In my case, I would start the consumer, the partition assignment happens, which I assumed meant the consumer was ready. I would then start the request chain, if the response took less time to get ready than the consumer instance took to get its fixed starting point, the response would be missed because it would fall behind the new latest.
What I learned from this is that with kafka consumers, started != ready (which makes sense for what it was defined for)
As you can see from the distributed trace timeline image (Figure 1), some time is elapsed between the time the consumer starts to when the partitions are assigned. Below is the area of interest.
So the next problem to solve was figuring out when a “started” consumer was “ready”. I solved this by getting the fixed offset at the time of assignment, and manually setting the starting point of each consumer, then invoking a partitions-assigned
callback which I defined.
;; I implement the kafka ConsumerRebalanceListener Interface
(reify ConsumerRebalanceListener
(onPartitionsRevoked [this topic-partitions])
(onPartitionsAssigned [this topic-partitions]))
tracer/IOnPartitionsAssigned
(on-partitions-assigned [this group-id opts topic-partitions]

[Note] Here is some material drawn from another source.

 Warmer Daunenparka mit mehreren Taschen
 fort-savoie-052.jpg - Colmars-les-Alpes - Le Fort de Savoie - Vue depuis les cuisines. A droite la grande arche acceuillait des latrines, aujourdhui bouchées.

(let [{:keys [::kafka-consumer]} this
_ (.assignment kafka-consumer)
assignments (map map->TopicPartition topic-partitions)
positions (map (fn [a]
{:assignment a
:position (.position kafka-consumer a)})
assignments)]
(doseq [p positions]
(.seek kafka-consumer (:assignment p) (:position p)))
(partitions-assigned)))
To conclude, kafka’s consumption default use case is for long running asynchronous processes, but I was trying to use it for short lived synchronous requests. This was achieved by combining production and consumption into a single transaction. Then configuring the internal consumer within the transaction to consume first automatically to latest
then manually (seek
) after partition assignments. As expected, trying to use something outside its defaults, would entail going a little under the hood. Luckily, kafka exposed all the pieces needed to make the necessary tweaks within the respective callbacks.